The second alternative to closed transactional politics is a variant on the administrative law concept of procedural fairness, or natural justice. This model is underpinned by the idea of giving a fair hearing to all parties, seeking representations from all affected by a decision and having decision-makers untainted by bias or the perception of bias. A Minister who ensures that the decision-making process is governed by these principles, by definition guarantees that notions of ‘returning favours’ or ‘building up political capital’ are removed from the process.

Adherence to the strict tenets of procedural fairness is often not possible in the political realm, but as a general rule, it will increase the quality and legitimacy of decisions. The open transactional solution to the airport expansion problem discussed above is a variant of a process infused with procedural fairness. On the face of it, there was nothing improper about Minister Campbell taking a meeting with a lobbyist acting for a private organization if the meeting was in the context of the seeking of representations from all relevant stakeholders and if the Minister reserved his judgment until all sides of the argument were heard.

In conclusion, I have attempted to isolate what is worthy of condemnation in the activities of Burke and Grill that have come to light in the CCC inquiry. In identifying what I have called ‘closed transactional politics’, perhaps equally condemnatory behaviour can be recognized when cloaked in a different guise – without the long lunches and dark sunglasses, or less glibly, in different political contexts. I have tried to argue that the scandal was not simply the product of two political masterminds – as Paul Keating would have it – but that certain conditions had to be in place for the lobbyists to thrive.
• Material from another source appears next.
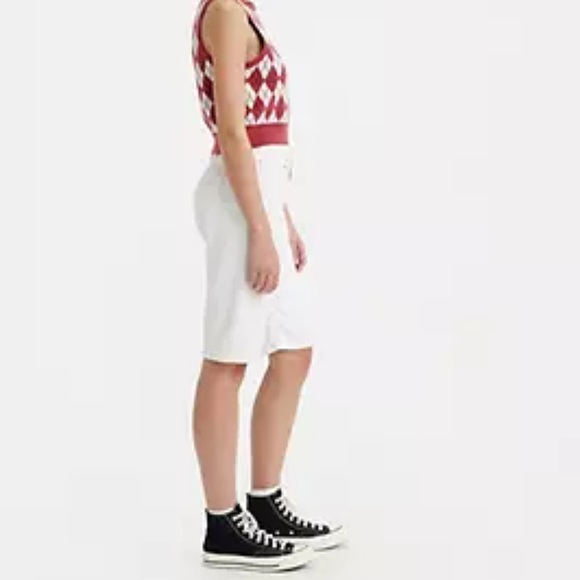 NWT Levi’s mid rise Bermuda shorts size 16 - Picture 2 of 10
And finally, I have offered two alternative visions – the Bristol model and a variant of procedural fairness – that challenge the basis of closed transactional politics.

  1. Elizabeth Grosch, “Tapes reveal backroom manoeuvring” The Australian, 2 March 2007, p 2.
  2. "Keating criticises ALP over compulsory super plan" The World Today - Monday, 5 March , 2007  12:14:00
  3. Peter van Onselen, The Australian, 26 February 2007.